File Downloader#

FileDownloader

Allows you to download files from a remote source with specified file connection and parameters, and return an object with download result summary.

FileDownloader.run([files])

Method for downloading files from source to local directory.

FileDownloader.view_files()

Get file list in the source_path, after filter, limit and hwm applied (if any).

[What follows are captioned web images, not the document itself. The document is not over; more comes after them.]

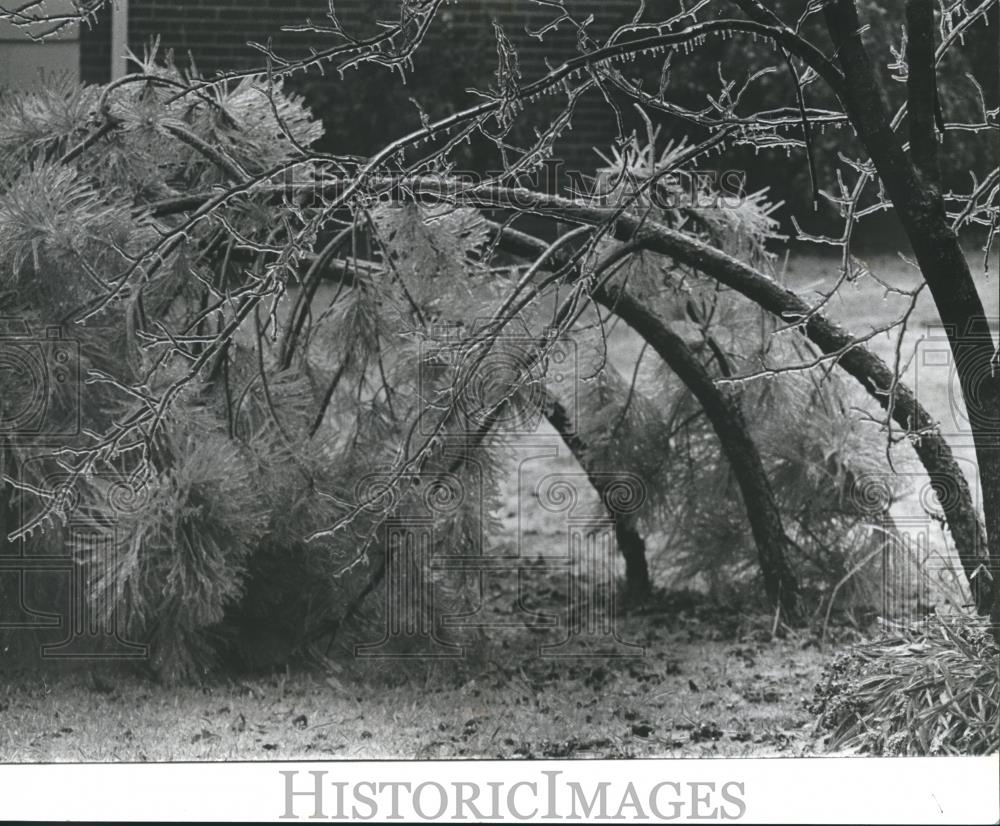 1982 Press Photo Icy trees on Darlington Street in Shades Mountain - abna17659 - Historic Images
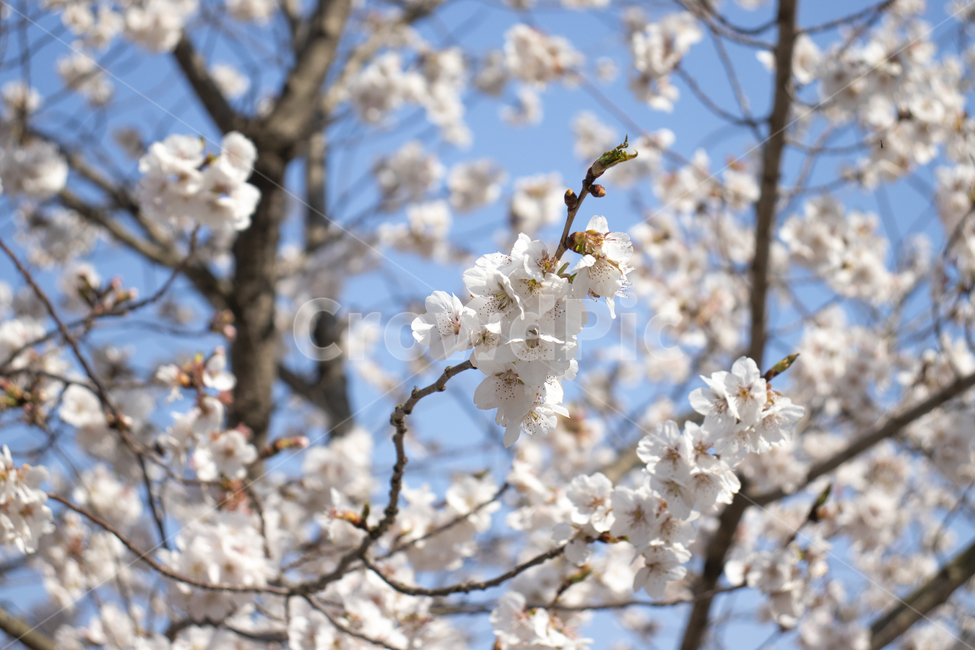 벚꽃,봄,야외,나무,꽃,핑크,분홍,계절,spring,season,식물,자연,plants,nature,flower,blossom,cherry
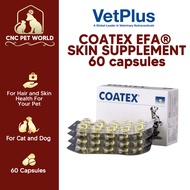 【VETPLUS】 VETPLUS COATEX EFA 60 Capsules (1 Box) | Skin Supplement for Cat and Dog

class onetl.file.file_downloader.file_downloader.FileDownloader(*, connection: ~onetl.base.base_file_connection.BaseFileConnection, local_path: ~onetl.impl.local_path.LocalPath, source_path: ~onetl.impl.remote_path.RemotePath | None = None, temp_path: ~onetl.impl.local_path.LocalPath | None = None, filter: ~typing.List[~onetl.base.base_file_filter.BaseFileFilter] = None, limit: ~typing.List[~onetl.base.base_file_limit.BaseFileLimit] = None, hwm: ~etl_entities.hwm.file.file_hwm.FileHWM | None = None, hwm_type: ~typing.Type[~etl_entities.old_hwm.file_list_hwm.FileListHWM] | str | None = None, options: ~onetl.file.file_downloader.options.FileDownloaderOptions = FileDownloaderOptions(if_exists=<FileExistBehavior.ERROR: 'error'>, delete_source=False, workers=1))#

Allows you to download files from a remote source with specified file connection and parameters, and return an object with download result summary. support_hooks

Note

FileDownloader can return different results depending on Read Strategies

Note

This class is used to download files only from remote directory to the local one.

It does NOT support direct file transfer between filesystems, like FTP -> SFTP. You should use FileDownloader + File Uploader to implement FTP -> local dir -> SFTP.

Parameters:
connectiononetl.connection.FileConnection

Class which contains File system connection properties. See File Connections section.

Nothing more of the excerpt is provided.